January 8, 2023 7:00 PM PST
This meeting focused on the design and implementation of distributed resilient storage systems, particularly in the context of real-world applications. Key topics included system design challenges, authentication processes, data consistency, and strategies for improving service resilience. The discussion highlighted various technical solutions and considerations for managing distributed data storage effectively.
Presenter: K, Tech Lead at FAANG
Key Topics Discussed
1. System Design: IP Blocker
- Implementation of IP blocking in response to legal requirements in specific countries.
- Handling high throughput with a third-party service managing 20,000 queries per second (QPS) and 2 million connections per second.
- Warm start capabilities using precomputed results.
2. Performance Considerations
- Emphasis on throughput without sufficient focus on latency and Service Level Agreements (SLA).
- IPv4 address caching can be pre-built in less than three days.
- IPv6 solutions can leverage similar caching strategies.
3. Control Plane and Data Plane
- Configuration management through a cloud resource manager.
- User requests for service allocation without authentication for private network services.
- Latency for data replication is targeted at 5 minutes.
4. Key Challenges
- High request rates (70,000-80,000 requests per second) necessitate strategies to reduce latency.
- Detection of data tampering and improving service resilience.
- Issues with large customers monopolizing resources and geographical boundaries affecting service.
5. Data Plane Authentication
- Requirements for high throughput and low latency (under 5ms).
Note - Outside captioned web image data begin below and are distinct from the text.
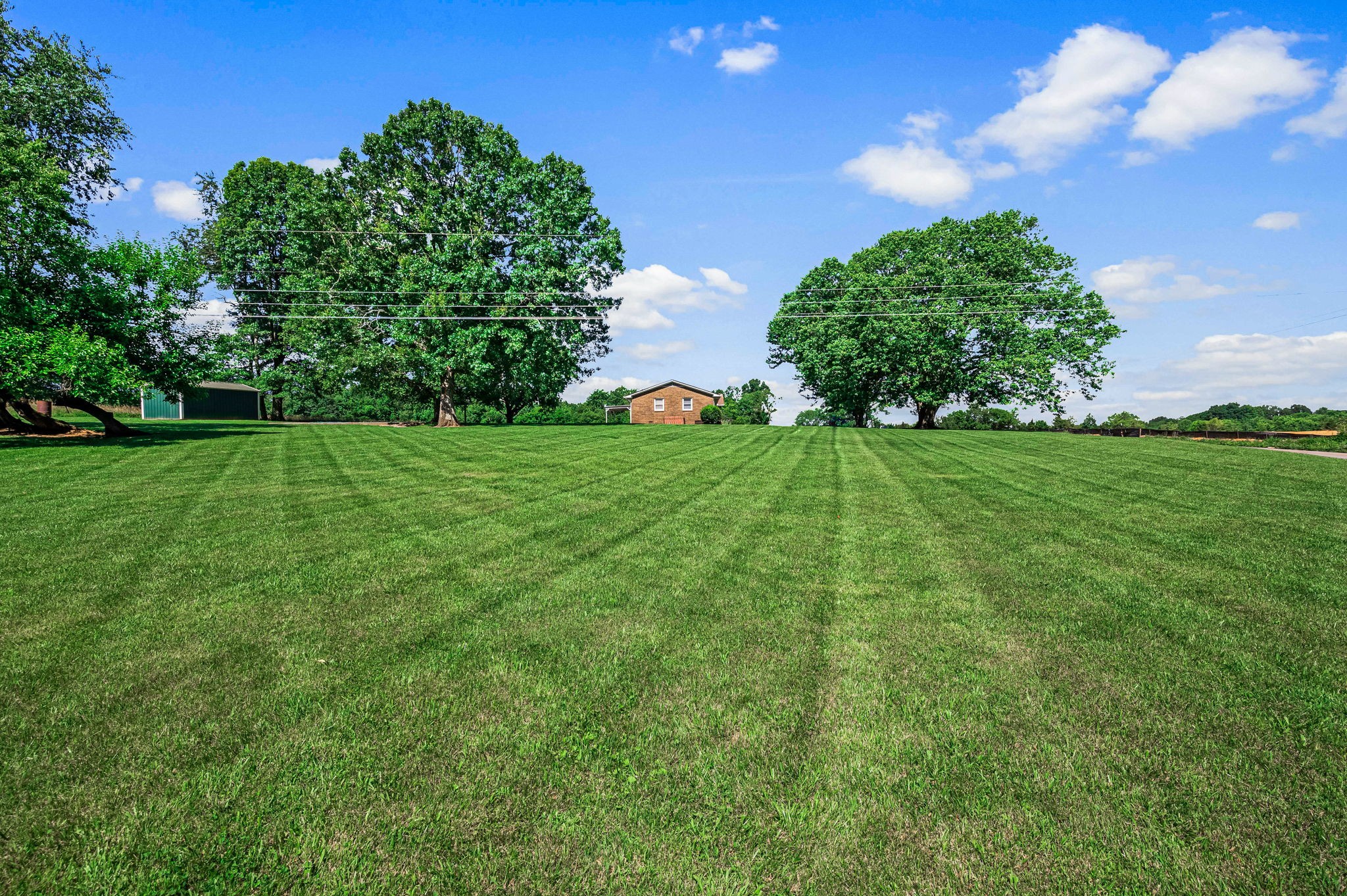 324 Jim Courtney Road Portland, TN 37148 - Photo 28 of 28 a view of a big yard with plants and a garden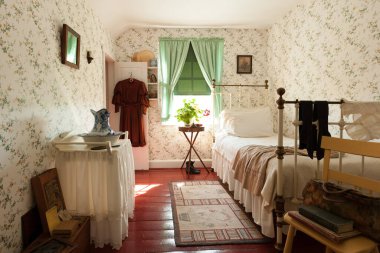 Typical furnishing of late XIX century, room interior of famous House of Green Gables, home of Anne, in Cavendish, Prince Edward Island, Canada clipart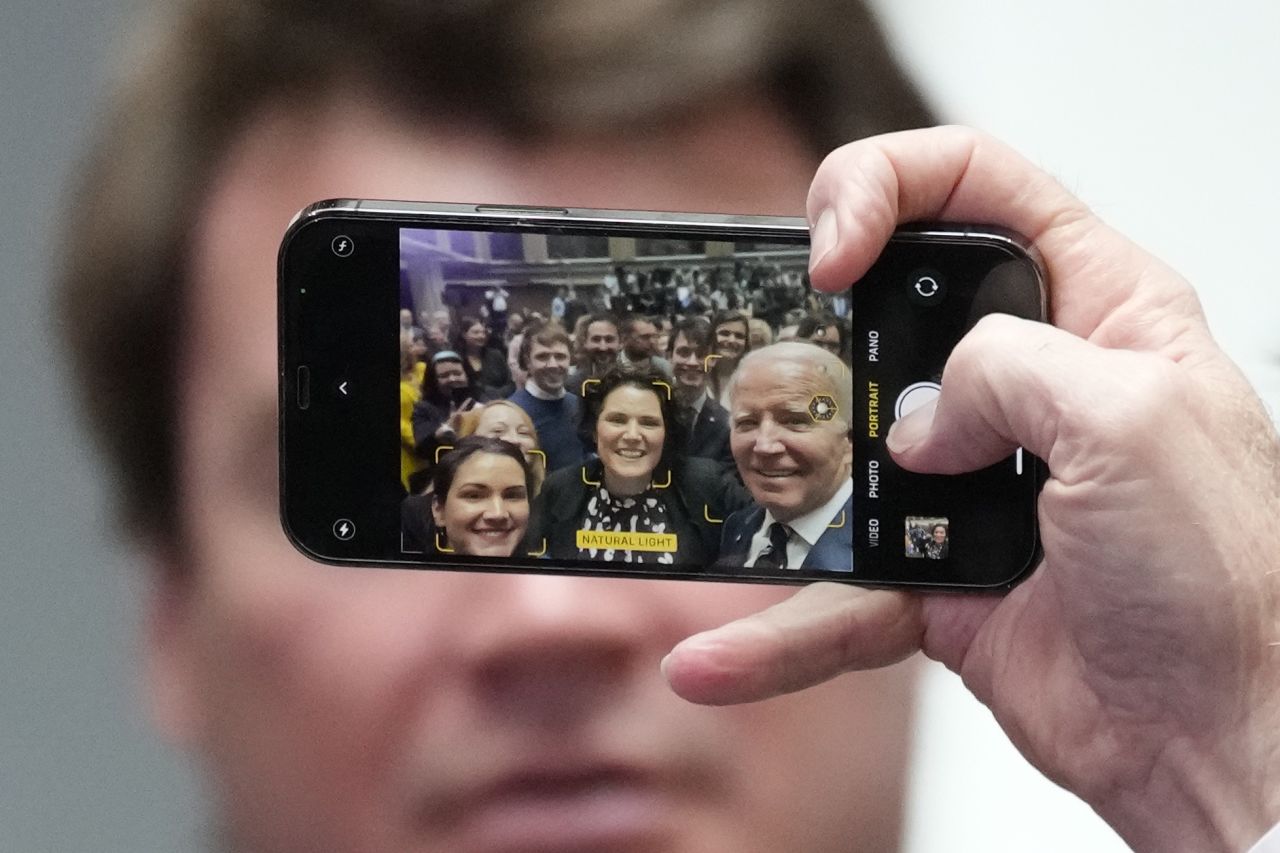 US President Joe Biden takes a selfie with audience members after speaking at the Ulster University's new campus in Belfast, Northern Ireland, on Wednesday, April 12. Biden left Washington, DC, on Tuesday for a <a href="https://www.cnn.com/2023/04/12/politics/biden-northern-ireland-visit-security-breach-intl-hnk/index.html" target="_blank">four-day visit</a> to Northern Ireland, which is part of the United Kingdom, and the Republic of Ireland.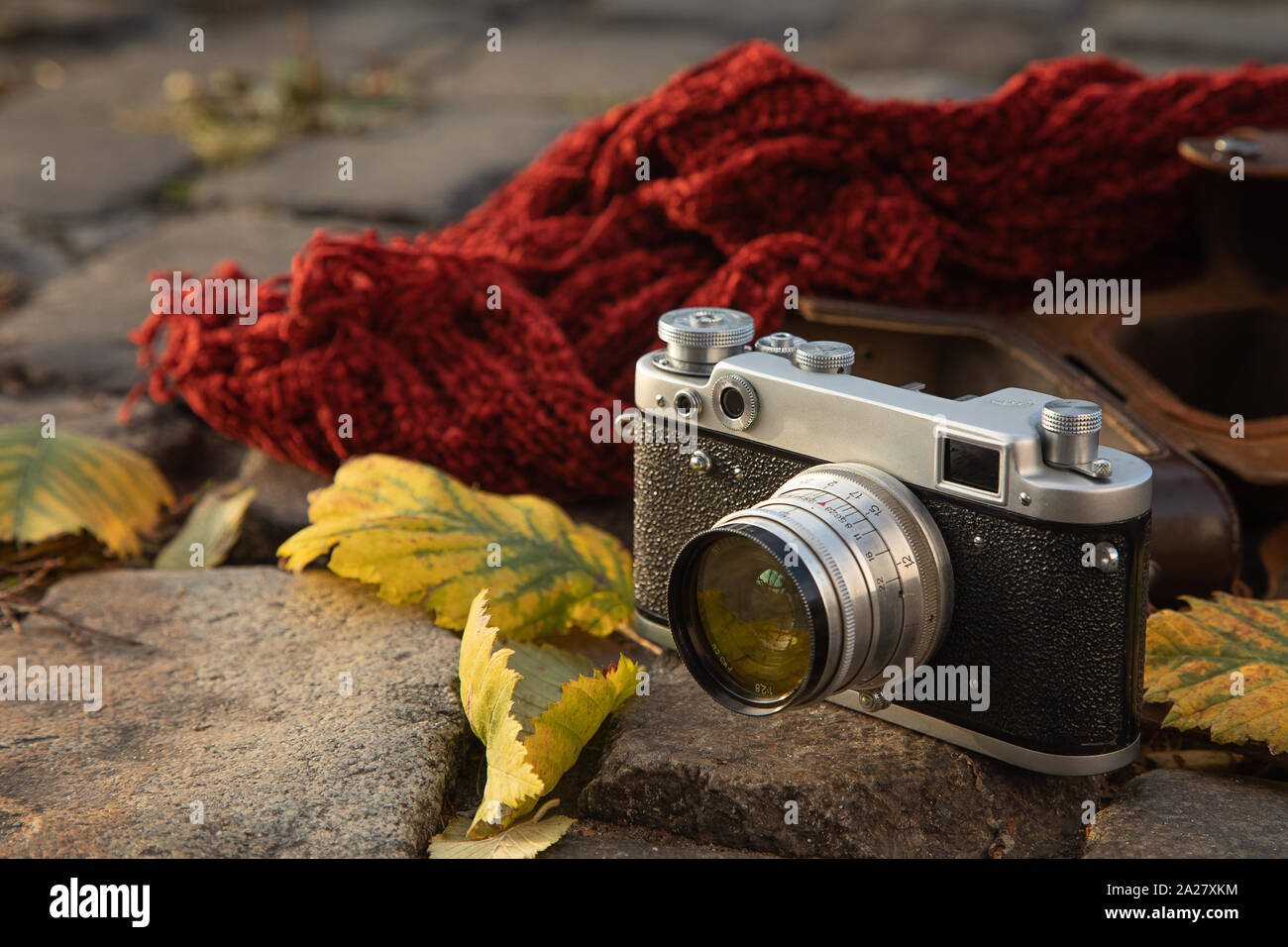 Herbstliche Stimmung noch Leben: vintage Kamera, braunem Leder Holster, roter Schal und Blätter zur Festlegung auf Pflaster Stockfoto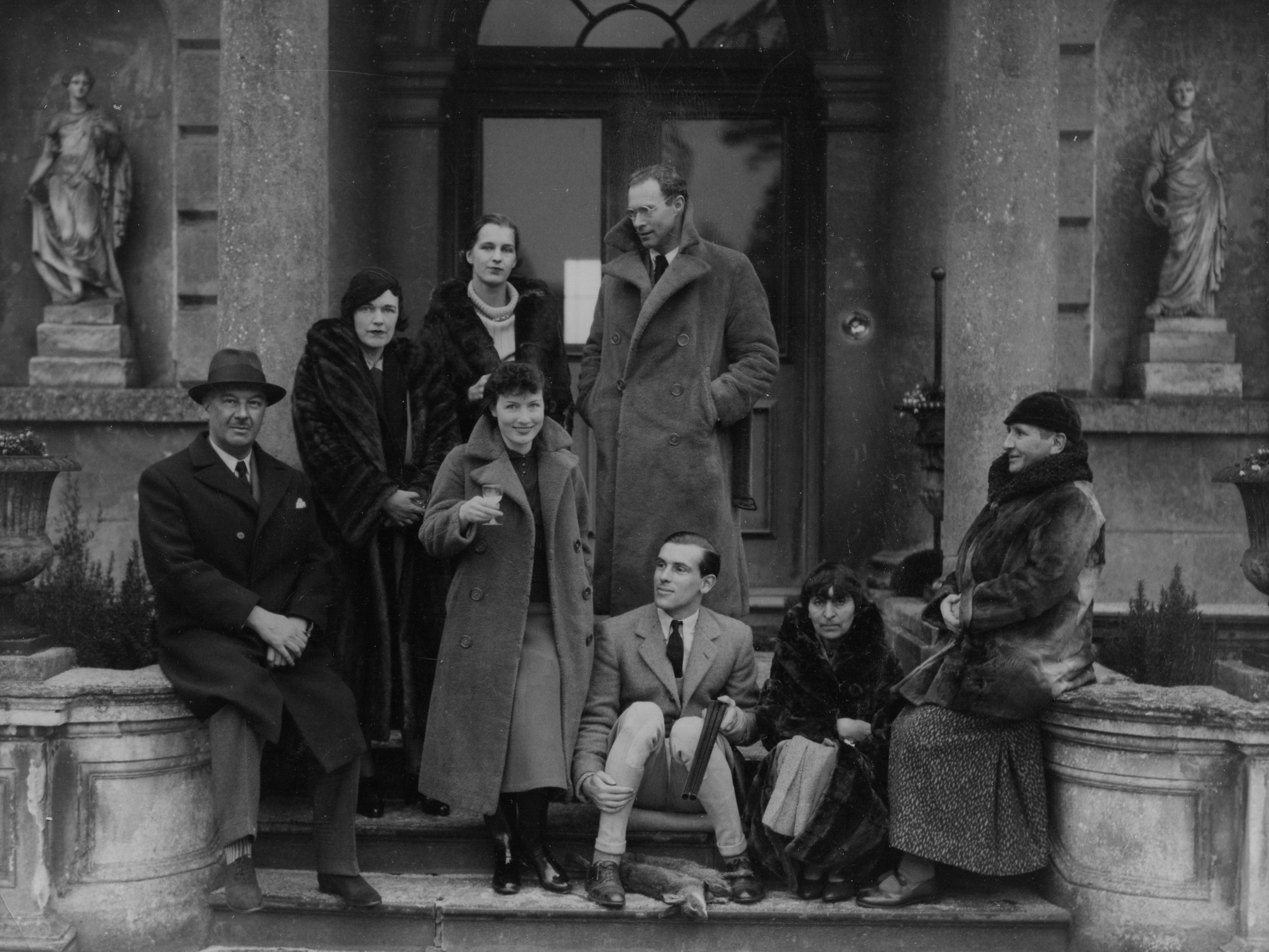 Gertrude Stein is sitting on the right, opposite Lord Berners. Their partners are sitting on the steps: Robert Hebert-Percy and Alice B. Toklas.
- Proposed solution: co-locating authentication services with data services.
- Challenges with permission revocation and the propagation of changes to cache instances.
6. Data Signing and Security
- Importance of signing authentication data with a private key and verifying with a public key to prevent unauthorized modifications.
- Ensuring updates occur on secure machines to protect against upstream attacks.
- Embedding signing signatures during write operations.
7. Distributed Data Store Consistency Levels
- Discussion on five levels of consistency, ranging from eventual to session consistency.
- Multi-tenant architecture considerations, including GDPR compliance and shuffle sharding to mitigate risks from malicious tenants.
8. Container Isolation and Performance
- Challenges of achieving pay-as-you-go models with container-based isolation.
- Noted performance differences in Jupyter notebook service startup times compared to competitors.
- Exploration of Kubernetes fleets and GVisor for improved isolation and resource management.
- Use of Kata containers for small clients, despite slower performance compared to other solutions.
Conclusion
The meeting provided valuable insights into the complexities of designing distributed resilient storage systems, particularly in terms of authentication, data consistency, and performance. Future discussions may focus on refining these strategies and exploring new technologies to enhance service delivery and security.